Schneider Marguerite Reid, Adler Caleb M, Whitsel Rachel, Weber Wade, Mills Neil P, Bitter Samantha M, Eliassen James, Strakowski Stephen M, DelBello Melissa P
Physician Scientist Training Program, University of Cincinnati College of Medicine, Cincinnati, Ohio, Neuroscience Graduate Program, University of Cincinnati, Cincinnati, Ohio, U.S.A.
Isr J Psychiatry Relat Sci. 2012;49(2):112-20.
Prior research has found that manic adolescents with bipolar disorder exhibit neurofunctional changes in the amygdala and prefrontal cortex following treatment with some pharmacological agents. We examined the neurofunctional effects of ziprasidone in manic adolescents.
Manic adolescents with bipolar disorder (n=23) participated in a placebo-controlled study of ziprasidone and underwent a functional magnetic resonance imaging scanning session while performing a task of sustained attention at baseline, prior to treatment as well as on days 7 and 28 (or early termination) of treatment. A comparison group of healthy adolescents (n=10) participated in a single scanning session. Region of interest analyses were performed to assess activation changes associated with treatment in Brodmann Areas (BA) 10, 11 and 47 and in the amygdala.
Compared with placebo, treatment with ziprasidone was associated with greater increases over time in right BA 11 and 47 activation. These effects were not associated with differences in symptom improvement between the treatment groups. Patients who subsequently responded to ziprasidone showed significantly greater deactivation in the right Brodmann area 47 at baseline than those who did not respond to ziprasidone. Similarly, among the bipolar adolescents who were treated with ziprasidone, baseline activation in right BA 47 was negatively correlated with improvement in Young Mania Rating Scale (YMRS) score.
The small sample size limits the ability to detect significant group differences in other regions of interest. Healthy comparison subjects were scanned only at a single timepoint, which limits the interpretation of the results. Ziprasidone is not currently approved by the United States Food and Drug Administration for the treatment of adolescents with mania, and, therefore, the clinical relevance of these results is limited.
The increases in right BA 11 and 47 activation observed during sustained attention tasks following ziprasidone treatment and the association identified between lower baseline BA 47 activation and ziprasidone treatment response suggests that ziprasidone may correct prefrontal dysfunction in manic adolescents with bipolar disorder.

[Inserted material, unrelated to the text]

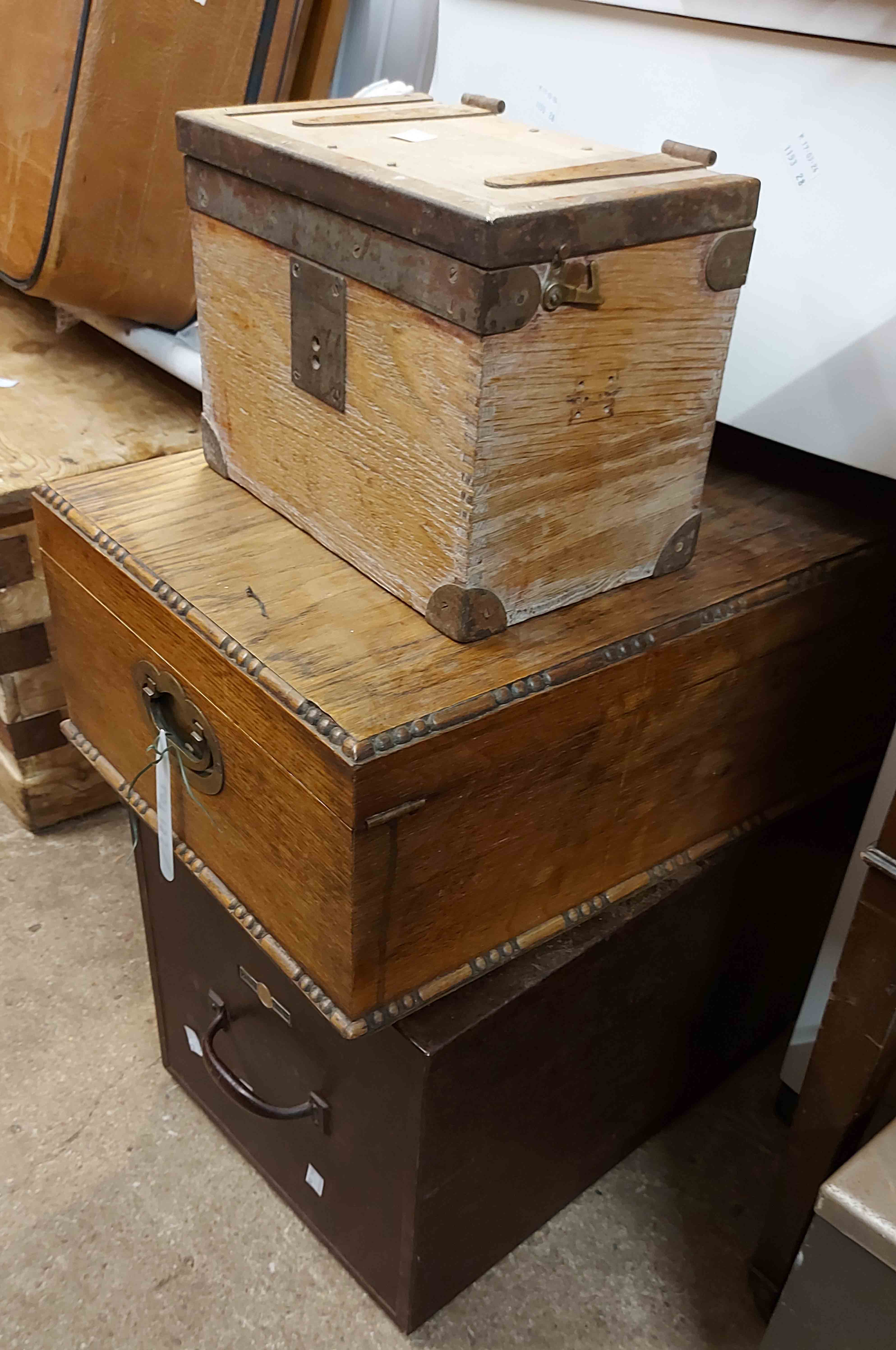 A metal trunk - locked shut - sold with a small wooden box and a cutlery box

先前的研究发现,患有双相情感障碍的躁狂青少年在接受某些药物治疗后,杏仁核和前额叶皮质会出现神经功能变化。我们研究了齐拉西酮对躁狂青少年的神经功能影响。
患有双相情感障碍的躁狂青少年(n = 23)参与了一项齐拉西酮的安慰剂对照研究,并在基线期、治疗前以及治疗第7天和第28天(或提前终止治疗)进行持续注意力任务时接受了功能磁共振成像扫描。一组健康青少年(n = 10)作为对照组参与了单次扫描。进行感兴趣区域分析,以评估与治疗相关的激活变化,这些区域包括布罗德曼区(BA)10、11和47以及杏仁核。
与安慰剂相比,齐拉西酮治疗与右侧BA 11和47激活随时间的更大增加相关。这些效应与治疗组之间症状改善的差异无关。随后对齐拉西酮有反应的患者在基线时右侧布罗德曼区47的失活明显大于对齐拉西酮无反应的患者。同样,在接受齐拉西酮治疗 的双相情感障碍青少年中,右侧BA 47的基线激活与青年躁狂评定量表(YMRS)评分的改善呈负相关。
样本量小限制了在其他感兴趣区域检测显著组间差异的能力。健康对照受试者仅在单个时间点进行扫描,这限制了对结果的解释。齐拉西酮目前未被美国食品药品监督管理局批准用于治疗患有躁狂症的青少年,因此,这些结果的临床相关性有限。
在齐拉西酮治疗后的持续注意力任务中观察到右侧BA 11和47激活增加,以及较低的基线BA 47激活与齐拉西酮治疗反应之间的关联表明,齐拉西酮可能纠正患有双相情感障碍的躁狂青少年的前额叶功能障碍。